There are two main steps in the adversarial learning-assisted knowledge distillation stage. The first step is the offline training of the heavyweight neural network model, which is called the teacher model. In this work, the teacher model is the foregoing neural network trained with lifelong learning, which has a larger structure than the student model due to the need to handle multiple channel monitoring tasks. The Stokes sectional images with OSNR labels of the received signals in each channel have been collected for the training of the teacher model. And the trained teacher model is capable of recognizing the modulation format and estimating the OSNR values with sufficient training samples in preparation for the knowledge transfer to the student model. After the offline training, the knowledge from the teacher model is extracted in the form of logits, guiding the training of the student model during the distillation procedure [22]. A serviceable student model can be obtained under the guidance of the teacher model to gain considerable accuracy. Supervisory signals from the teacher model can help the student model imitate the behavior of the teacher model. As a result, the performance of the student model relies on the teacher model to a great extent.
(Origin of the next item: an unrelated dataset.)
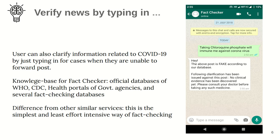These knowledge bases are created from standard health-related portals and publicly accessible fact-checking websites like WHO, CDC, and so on.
Since the feature learning ability of the student model is less mighty than that of the teacher model, it is impossible that the knowledge that the student model learned in a conventional way is identical to the knowledge provided by the teacher model. Therefore, a novel framework of confrontational knowledge distillation has been proposed to improve the performance of the student model. In the second step, feature-based knowledge is transferred from the well-trained teacher model to the lightweight student model through offline distillation while adversarial learning-assisted knowledge distillation is appended, as shown in Fig. 2. Apart from the conventional knowledge distillation method, the idea of adversarial learning is introduced to the teacher-student architecture. The proposed OPM scheme adds a generator to the teacher-student structure to augment the dataset for the student model, while a discriminator is also applied to estimate the output of the neural network. The generator guided by the teacher model produces training data for the student model to improve knowledge distillation performance, which encourages the outputs of the student model come closer to the true data distribution. In the meanwhile, the discriminator distinguishes the outputs between the student model and the teacher model, so as to narrow the distribution difference between the outputs of two neural networks. More specifically, the student model can learn more about the OPM tasks except the knowledge distilled from the teacher model because of the adversarial learning. The lightweight student model can achieve effective performance through capturing the teacher’s knowledge and using distillation strategies with adversarial learning. In addition to their ability to model natural images, the structure of adversarial learning is successfully adapted for improving the accuracy of the estimation and recognition in knowledge distillation, typically by extending the discriminator to determine the specific output of an example instead of determining whether it is real or fake. Compared with traditional knowledge distillation, not only the knowledge transferred from the teacher model can be learned, but also the student model can have a better understanding of the true data distribution.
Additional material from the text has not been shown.